Behavioral studies in response to radiation have shown results indicating that increasing or decreasing dose does not always produce a linear response, but more of a monotonic response (77). The data reported here suggest that the retching response does not display a normal distribution of the data. For example, the HDR γ-ray and LDR proton exposures resulted in higher retching counts at the 0.25 and 2 Gy doses (γ ray) and 0.25 and 1 Gy doses (protons), compared to the controls and intermediate doses (0.5 and 0.75 Gy). Neuronal responses detected by electrophysiological methods have been shown to produce a similar trend in terms of nonlinear responses to radiation dose (18). The retching response is clearly sensitive and may be a behavioral response evoked by anatomical and neural circuitry elements (i.e., receptor, neurotransmitter or pathway activation), which may be sensitive to high or low doses of radiation with intermediate doses resulting in a less robust response.

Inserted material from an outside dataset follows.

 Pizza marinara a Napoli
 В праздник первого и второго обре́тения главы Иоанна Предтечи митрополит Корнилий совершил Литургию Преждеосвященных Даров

Since ferrets are outbred, larger sample groups may delineate the interindividual response to radiation observed. The heterogeneity of the population may also explain the range of the retching and vomiting response. The reason why the incidence of retching was observed more frequently than the incident of vomiting and why the episodes lasted longer cannot be explained and may be due to the pathophysiological mechanisms of radiation-induced retching and/or vomiting, which are not clearly defined. It has been reported that resection of the abdominal vagus nerve in ferrets prevents the emetic response only in response to exposure to ionizing radiation and cytotoxic drugs, but not to morphine or apomorphine (19). This observation suggests separate mechanisms of activation of the emetic response. It is not unlikely that while different toxins stimulate different mechanisms to evoke the emetic response, the mechanisms of the retching and vomiting responses may at least be partially separate; however, it is not clear how a range of clinical stimuli and specifically various doses of radiation exposure, impacts the emetic response. Further research is warranted in this field to delineate the mechanisms attributing to the sensitivity of ferrets to ionizing radiation.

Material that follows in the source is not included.